G'day:
Earlier this evening I published TypeScript decorators: not actually decorators. And about 5min after it went live, it vanished. Weird. Looking in the back-end of Blogger, I see this warning:
What? Seriously?
Looking through my junk folder in my email client, I had an email thus:
Hello,
As you may know, our Community Guidelines (https://blogger.com/go/contentpolicy) describe the boundaries for what we allow – and don't allow – on Blogger. Your post titled 'TypeScript decorators: not actually decorators' was flagged to us for review. We have determined that it violates our guidelines and have unpublished the URL https://blog.adamcameron.me/2025/10/typescript-decorators-not-actually.html, making it unavailable to blog readers.
If you are interested in republishing the post, please update the content to adhere to Blogger's Community Guidelines. Once the content has been updated, you may republish it at [URL removed]. This will trigger a review of the post.
You may have the option to pursue your claims in court. If you have legal questions or wish to examine legal options that may be available to you, you may want to consult your own legal counsel.

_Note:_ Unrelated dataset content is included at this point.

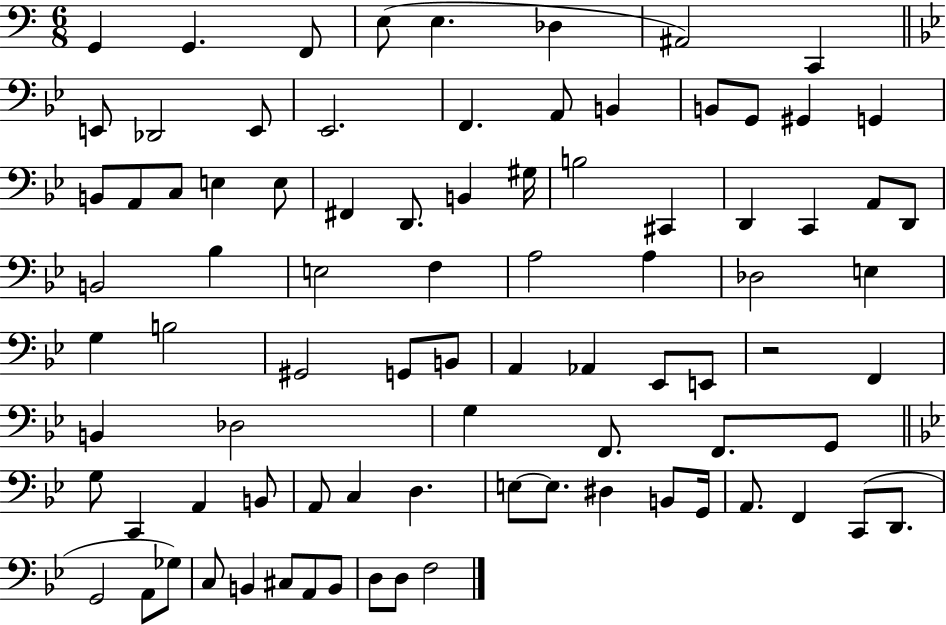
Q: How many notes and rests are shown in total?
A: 86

For more information, please review the following resources:
- Terms of Service: https://www.blogger.com/go/terms
- Blogger Community Guidelines: https://blogger.com/go/contentpolicy
Sincerely,
The Blogger Team
"OK," I thought. "I'll play yer silly game", knowing full-well I had done nothing to violate any sane T&Cs / guidelines. You can review the guidance yerself: obvs there's nothing in the article that comes anywhere near close to butting up against any of those rules.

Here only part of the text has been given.